Every summer we have a garden, and every summer the only thing we end up with a ton of is jalapeños. My husband is the jalapeño whisperer. We’ve probably gotten at least 40 so far, and more are still growing out there. I can’t let them go bad, so I’m making a lot of jalapeño-based recipes. This one only uses two fresh jalapeños for garnish, but that’s two less in my fridge now. I used canned jalapeños for the contents of the soup, because it saves time and doesn’t really compromise on flavor. Plus, I have extra cans from when I sent my husband to the store for canned green chiles and he came back with jalapeños. Oops.

The base of this soup is a pound of chicken breasts and four cups of chicken broth. Those 32-ounce cartons of broth are perfect for this, because you can just dump one into your Instant Pot without having to measure anything. Toss in your chicken breasts along with it. You can do it directly from frozen if you want, just add five minutes to the cook time. I did it this way and it worked fine. To that, add your drained 4-ounce can of diced jalapeños, and a teaspoon each of salt, onion powder, garlic powder, and cumin. Then put the lid on your Instant Pot, and set for pressure cook on high for 15 minutes if using fresh chicken, and 20 minutes if using frozen. After the cook time is complete, let it release naturally for 10 minutes, then manually release the rest of the way. During that ten minutes, fry up three slices of bacon and mince two fresh jalapeños. Make sure to wear food-safe gloves!

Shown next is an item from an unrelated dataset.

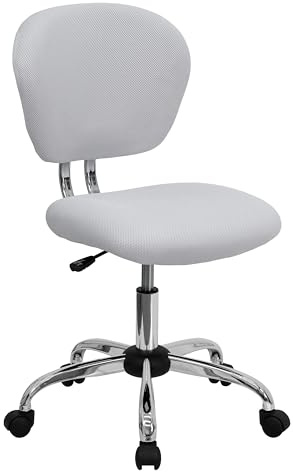 Flash Furniture H-2376-F-WHT-GG Mid-Back vit nätuppgiftsstol med krombas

Open the lid again and remove the chicken, letting it cool on a plate. Set the pot to saute and whisk in an entire 8-ounce brick of cream cheese that’s been cut or torn into chunks. When the cream cheese has mostly broken down, pour in a half cup of heavy cream and whisk some more, then add a cup of shredded pepper jack and a cup of shredded sharp cheddar, working in 1/4 cup increments. Make sure each handful of cheese has fully melted into the soup before you add more, otherwise you might get clumps. Once you’ve added all the cheese, turn off the Instant Pot. Shred the chicken with forks and stir it into the pot. Pour the soup into bowls or meal prep containers, and garnish each one with crumbled bacon and minced jalapeños.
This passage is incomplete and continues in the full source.